_Instructions for the task_
From the data below, repeat exactly the lines from the line with "ஹிந்தி பிக்பாஸ் வீட்டை" to the line with "14380 Ventoso Court, Flagstaff, AZ", both included.

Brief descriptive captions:
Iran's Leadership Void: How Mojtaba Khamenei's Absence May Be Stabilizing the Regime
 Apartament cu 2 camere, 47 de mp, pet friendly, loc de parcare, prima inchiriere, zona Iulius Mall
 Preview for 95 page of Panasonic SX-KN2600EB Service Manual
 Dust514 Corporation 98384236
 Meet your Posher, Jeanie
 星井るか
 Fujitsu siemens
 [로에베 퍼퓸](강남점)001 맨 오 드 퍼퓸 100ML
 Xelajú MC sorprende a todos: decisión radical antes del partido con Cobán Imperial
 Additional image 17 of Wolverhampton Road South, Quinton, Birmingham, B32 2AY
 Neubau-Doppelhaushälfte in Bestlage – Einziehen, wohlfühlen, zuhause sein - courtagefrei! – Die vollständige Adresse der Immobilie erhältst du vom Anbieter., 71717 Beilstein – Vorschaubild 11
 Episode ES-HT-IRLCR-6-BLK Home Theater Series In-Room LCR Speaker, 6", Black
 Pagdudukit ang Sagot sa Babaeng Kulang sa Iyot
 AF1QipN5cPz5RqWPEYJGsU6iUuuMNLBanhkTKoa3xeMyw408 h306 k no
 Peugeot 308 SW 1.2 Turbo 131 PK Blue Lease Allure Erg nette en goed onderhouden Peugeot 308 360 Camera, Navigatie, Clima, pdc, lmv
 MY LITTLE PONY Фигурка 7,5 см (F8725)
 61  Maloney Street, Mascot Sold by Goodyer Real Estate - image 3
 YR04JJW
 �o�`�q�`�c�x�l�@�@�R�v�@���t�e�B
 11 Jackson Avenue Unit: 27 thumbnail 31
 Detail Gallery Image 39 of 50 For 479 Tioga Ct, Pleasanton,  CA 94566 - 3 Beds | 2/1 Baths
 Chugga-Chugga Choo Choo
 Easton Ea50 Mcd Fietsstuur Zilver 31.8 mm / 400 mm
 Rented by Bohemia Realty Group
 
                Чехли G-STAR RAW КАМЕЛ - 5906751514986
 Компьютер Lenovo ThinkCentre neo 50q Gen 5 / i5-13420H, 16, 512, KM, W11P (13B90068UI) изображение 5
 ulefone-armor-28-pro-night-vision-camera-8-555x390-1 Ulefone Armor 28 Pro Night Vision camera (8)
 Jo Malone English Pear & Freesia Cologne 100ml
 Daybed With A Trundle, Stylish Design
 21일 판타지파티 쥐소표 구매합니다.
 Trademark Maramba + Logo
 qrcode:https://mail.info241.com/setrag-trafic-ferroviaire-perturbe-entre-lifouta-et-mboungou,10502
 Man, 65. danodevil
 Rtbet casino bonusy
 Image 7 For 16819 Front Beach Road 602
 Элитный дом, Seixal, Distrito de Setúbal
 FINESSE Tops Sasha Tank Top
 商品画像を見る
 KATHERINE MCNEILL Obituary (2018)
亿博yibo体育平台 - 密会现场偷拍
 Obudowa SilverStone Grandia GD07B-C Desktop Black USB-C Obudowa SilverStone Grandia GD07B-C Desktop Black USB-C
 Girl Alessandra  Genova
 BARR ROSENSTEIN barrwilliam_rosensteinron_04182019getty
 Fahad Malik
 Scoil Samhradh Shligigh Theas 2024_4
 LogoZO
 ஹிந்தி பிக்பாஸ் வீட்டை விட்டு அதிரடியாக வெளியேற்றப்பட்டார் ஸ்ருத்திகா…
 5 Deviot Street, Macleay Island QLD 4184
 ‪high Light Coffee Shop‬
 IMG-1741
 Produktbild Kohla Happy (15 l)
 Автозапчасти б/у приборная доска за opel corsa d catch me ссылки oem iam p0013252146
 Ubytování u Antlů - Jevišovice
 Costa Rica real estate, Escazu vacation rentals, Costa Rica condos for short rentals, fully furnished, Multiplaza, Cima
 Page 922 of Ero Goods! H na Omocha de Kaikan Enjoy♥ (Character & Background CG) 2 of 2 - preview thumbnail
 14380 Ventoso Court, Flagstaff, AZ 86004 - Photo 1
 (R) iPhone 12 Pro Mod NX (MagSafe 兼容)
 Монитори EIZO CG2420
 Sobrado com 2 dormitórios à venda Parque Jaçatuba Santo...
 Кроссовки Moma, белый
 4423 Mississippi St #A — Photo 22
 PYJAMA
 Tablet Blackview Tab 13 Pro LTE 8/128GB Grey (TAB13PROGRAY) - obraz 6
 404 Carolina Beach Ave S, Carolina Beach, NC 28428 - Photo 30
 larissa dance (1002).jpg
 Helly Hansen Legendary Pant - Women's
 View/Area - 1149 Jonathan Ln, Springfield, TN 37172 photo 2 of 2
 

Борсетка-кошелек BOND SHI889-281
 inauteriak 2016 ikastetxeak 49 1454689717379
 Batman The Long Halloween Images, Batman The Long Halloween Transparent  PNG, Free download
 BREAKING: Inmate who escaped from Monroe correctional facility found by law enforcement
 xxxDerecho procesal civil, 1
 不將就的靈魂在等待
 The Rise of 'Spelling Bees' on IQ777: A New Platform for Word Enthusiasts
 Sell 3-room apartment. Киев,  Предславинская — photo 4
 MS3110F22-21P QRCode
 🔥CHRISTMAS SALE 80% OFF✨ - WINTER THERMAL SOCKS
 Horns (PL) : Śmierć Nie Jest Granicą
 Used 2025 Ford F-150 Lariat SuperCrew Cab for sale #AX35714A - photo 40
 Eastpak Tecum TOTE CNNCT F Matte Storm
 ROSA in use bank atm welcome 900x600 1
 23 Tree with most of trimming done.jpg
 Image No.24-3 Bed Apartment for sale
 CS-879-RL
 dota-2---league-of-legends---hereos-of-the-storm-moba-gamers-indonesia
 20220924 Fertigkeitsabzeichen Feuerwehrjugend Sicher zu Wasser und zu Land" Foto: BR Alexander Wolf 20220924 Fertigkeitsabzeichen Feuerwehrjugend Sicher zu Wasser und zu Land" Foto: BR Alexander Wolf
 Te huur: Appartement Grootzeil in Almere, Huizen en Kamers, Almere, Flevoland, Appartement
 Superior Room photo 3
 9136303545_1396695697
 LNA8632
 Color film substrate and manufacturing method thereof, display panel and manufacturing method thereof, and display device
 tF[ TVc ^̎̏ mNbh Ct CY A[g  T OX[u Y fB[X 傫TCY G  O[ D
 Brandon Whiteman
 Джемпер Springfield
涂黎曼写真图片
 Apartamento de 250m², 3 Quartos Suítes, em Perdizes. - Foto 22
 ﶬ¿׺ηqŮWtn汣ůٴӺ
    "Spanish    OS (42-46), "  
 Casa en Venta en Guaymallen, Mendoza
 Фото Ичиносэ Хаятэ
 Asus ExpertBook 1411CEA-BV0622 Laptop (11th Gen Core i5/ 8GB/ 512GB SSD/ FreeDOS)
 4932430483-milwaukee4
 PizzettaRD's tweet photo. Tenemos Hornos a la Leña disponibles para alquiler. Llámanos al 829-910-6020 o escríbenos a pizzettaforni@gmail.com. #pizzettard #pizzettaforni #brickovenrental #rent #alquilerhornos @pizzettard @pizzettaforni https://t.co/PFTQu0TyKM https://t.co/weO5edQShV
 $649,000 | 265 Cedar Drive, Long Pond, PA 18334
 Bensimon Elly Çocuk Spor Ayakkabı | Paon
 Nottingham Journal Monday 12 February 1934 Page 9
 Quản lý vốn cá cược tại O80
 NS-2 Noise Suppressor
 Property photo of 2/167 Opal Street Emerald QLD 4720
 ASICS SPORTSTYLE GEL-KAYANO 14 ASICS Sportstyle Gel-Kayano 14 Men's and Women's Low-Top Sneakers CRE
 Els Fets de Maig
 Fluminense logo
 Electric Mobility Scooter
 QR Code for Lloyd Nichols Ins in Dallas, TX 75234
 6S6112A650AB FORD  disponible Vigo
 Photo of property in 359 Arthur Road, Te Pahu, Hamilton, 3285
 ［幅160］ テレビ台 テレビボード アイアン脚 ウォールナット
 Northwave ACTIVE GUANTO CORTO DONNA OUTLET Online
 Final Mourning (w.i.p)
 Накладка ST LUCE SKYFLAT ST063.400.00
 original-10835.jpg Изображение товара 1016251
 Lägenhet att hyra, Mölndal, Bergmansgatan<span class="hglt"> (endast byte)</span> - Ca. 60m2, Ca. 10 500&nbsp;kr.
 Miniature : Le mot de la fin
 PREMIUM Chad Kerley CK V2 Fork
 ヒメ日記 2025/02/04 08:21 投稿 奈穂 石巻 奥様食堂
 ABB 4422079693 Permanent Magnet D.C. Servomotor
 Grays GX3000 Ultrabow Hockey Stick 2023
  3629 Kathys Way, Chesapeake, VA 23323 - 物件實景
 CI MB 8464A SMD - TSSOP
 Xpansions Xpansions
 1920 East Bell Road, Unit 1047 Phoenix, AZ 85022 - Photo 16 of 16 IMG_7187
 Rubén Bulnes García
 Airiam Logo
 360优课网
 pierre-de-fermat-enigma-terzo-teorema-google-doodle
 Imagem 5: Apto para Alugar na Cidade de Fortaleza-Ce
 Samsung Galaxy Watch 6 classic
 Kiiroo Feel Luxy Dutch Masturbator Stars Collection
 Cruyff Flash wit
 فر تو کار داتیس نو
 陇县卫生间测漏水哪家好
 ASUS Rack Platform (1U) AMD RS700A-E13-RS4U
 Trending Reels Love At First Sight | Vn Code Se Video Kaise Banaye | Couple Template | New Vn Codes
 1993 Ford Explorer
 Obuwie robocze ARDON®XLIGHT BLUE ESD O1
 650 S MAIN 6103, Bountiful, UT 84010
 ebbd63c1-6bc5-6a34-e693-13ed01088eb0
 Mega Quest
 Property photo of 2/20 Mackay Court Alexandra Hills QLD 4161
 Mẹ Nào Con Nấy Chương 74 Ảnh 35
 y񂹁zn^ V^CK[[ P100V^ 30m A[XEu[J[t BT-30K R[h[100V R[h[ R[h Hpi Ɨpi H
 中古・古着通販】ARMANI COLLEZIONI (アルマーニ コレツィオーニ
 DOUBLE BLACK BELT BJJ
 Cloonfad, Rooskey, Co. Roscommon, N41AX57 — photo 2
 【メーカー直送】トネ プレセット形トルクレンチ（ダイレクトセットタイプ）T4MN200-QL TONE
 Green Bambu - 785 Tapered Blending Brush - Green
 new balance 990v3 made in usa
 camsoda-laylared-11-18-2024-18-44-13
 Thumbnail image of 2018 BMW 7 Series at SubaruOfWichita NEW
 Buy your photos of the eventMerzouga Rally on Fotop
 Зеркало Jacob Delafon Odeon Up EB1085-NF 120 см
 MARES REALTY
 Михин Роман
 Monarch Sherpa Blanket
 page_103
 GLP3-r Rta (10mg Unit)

_Problem solution_
 ஹிந்தி பிக்பாஸ் வீட்டை விட்டு அதிரடியாக வெளியேற்றப்பட்டார் ஸ்ருத்திகா…
 5 Deviot Street, Macleay Island QLD 4184
 ‪high Light Coffee Shop‬
 IMG-1741
 Produktbild Kohla Happy (15 l)
 Автозапчасти б/у приборная доска за opel corsa d catch me ссылки oem iam p0013252146
 Ubytování u Antlů - Jevišovice
 Costa Rica real estate, Escazu vacation rentals, Costa Rica condos for short rentals, fully furnished, Multiplaza, Cima
 Page 922 of Ero Goods! H na Omocha de Kaikan Enjoy♥ (Character & Background CG) 2 of 2 - preview thumbnail
 14380 Ventoso Court, Flagstaff, AZ 86004 - Photo 1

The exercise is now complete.